De nuevo la radio cambió la opinión, manejando a las masas como un dique al mar, como recuerda Foxá:

¡Atención, atención! Se ruega a todos los afiliados de las organizaciones obreras de UGT, CNT y partidos sindicales del Frente Popular, para que se presenten urgentemente en sus centros respectivos, a fin de adoptar acuerdos en consonancia con la gravedad de los momentos actuales.

Barea y un amigo se acercaron a la Casa del Pueblo, que tenía un farolillo rojo en el tejado para que se pudiera ver desde lejos. La multitud, recuerda el escritor, empezó a gritar: “¡Armas! ¡Armas!”, hasta que las logró. La trágica entrega del armamento la refleja Foxá con sorna: “El boticario Giral fue nombrado presidente. Estaba lívido, sentado en su sillón. Y dio la orden terrible: Que se arme al pueblo”.

El domingo 19 los madrileños siguieron de vacaciones. El mismo Barea salió de la ciudad, y al ser preguntado por la situación contestó:

Bueno, es más el ruido que las nueces. Como usted ha visto, la gente ha venido a la Sierra como todos los domingos.

(El interlocutor) Se volvió a la mujer:

Ves como tenía razón. Estas mujeres se asustan en seguida. Un cambio de gobierno y nada más.

La realidad era otra. Ese día camiones y taxis abarrotados de milicianos cruzaban la ciudad. Los piquetes pedían la documentación en cada esquina. “Unas cuantas iglesias ardían”, escribió Barea, quien recogió el testimonio de un miliciano con pistola y pañuelo rojo y negro: “¡Bah!  No te apures (…) Sobran tantas cucarachas”. Y otra vez la radio: “El nuevo Gobierno ha aceptado la declaración de guerra del fascismo al pueblo español”.

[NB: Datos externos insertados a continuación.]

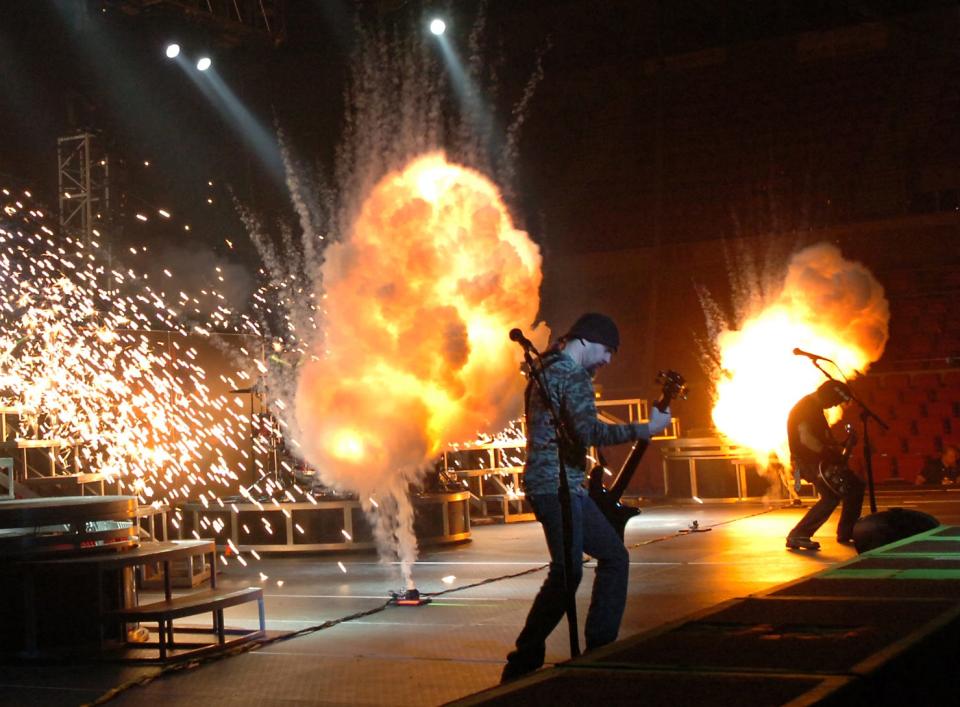 Alternative metal band Godsmack started off with some pyrotechnics for their 2007 show at the Kay Yeager Coliseum.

En la mañana del domingo 19, el general Fanjul se hizo fuerte en el Cuartel de la Montaña con 1.500 soldados y casi 200 falangistas. Pero las verbenas seguían, y a las tropas leales al gobierno republicano que cercaron el Cuartel le siguió mucha gente. Odio y fiesta mezclados. Un hombre, contaba Barea, sacó un viejo revólver, “tiró trabajosamente del gatillo”, y disparó.

-Ahora déjame tirar un tiro. (…)

-No me da la gana. El revólver es mío.

-¡Déjame tirar un tiro, por tu madre!

-No me da la gana. Ya te lo he dicho. Si me matan, el revólver es tuyo. Si no, te conformas con mirar.

Eran peor que salvajes –escribió Foxá- porque habían pasado por el borde de la civilización” y ahora veían resucitados los instintos más bajos por los “residuos turbios de películas, de lecturas, de consignas”. Rendidos y masacrados los hombres del Cuartel, los dos escritores narraban la sorpresa que les causó la gran avalancha de mujeres sin piedad. “Los milicianos subían con el regocijo bárbaro de la sangre vertida”, mientras la radio, siempre la radio, decía que la rebelión había sido aplastada. El horror no había hecho más que empezar.

En fin; dos narraciones de hombres con distinta ideología, y una misma realidad que se queda corta, como todo relato de una tragedia colectiva.